2. A different pattern of acting
To be an artist means first and foremost the ability to discern divine nature and to realise this divine nature through your own personality. These are probably the two most essential pre-conditions for the artist. And the latter is closely linked with the actor’s ability to be attuned to his own person. Unfortunately, this gift is often left unexplored and is sometimes even consciously destroyed. The more the director trusts his actor, I have noticed, and the more the actor trusts himself, the higher the actor’s ability to organise the process of preparation for his role and the stronger his artistic nature becomes. And, vice versa, the more the director fusses over his actor, the weaker the actor becomes as an artist and the more boring to work with.

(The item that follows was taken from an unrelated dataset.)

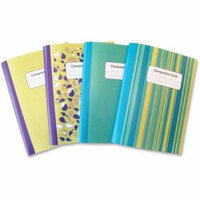 Sparco Composition Books 7-1/2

When I mention this process of self-preparation, I mean primarily the development of the actor’s independent artistic thinking. In other words, self-education on the part of the actor is not sufficient. It goes without saying of course that a present-day actor has to be an educated and intelligent human being (this is a platitude hardly worth repeating – though even this is sometimes sadly missing) – but the actor of the new generation must also become an artist, a poet, i.e. a master in his own right. He has to be able to make his own choices, to create his role and embody it on the stage. No-one else can assume responsibility for your own work, for your own life, indeed for your happiness than you yourself. After all, this constitutes the main stimulus and even the main meaning of our profession – the ability to feel happy and joyful.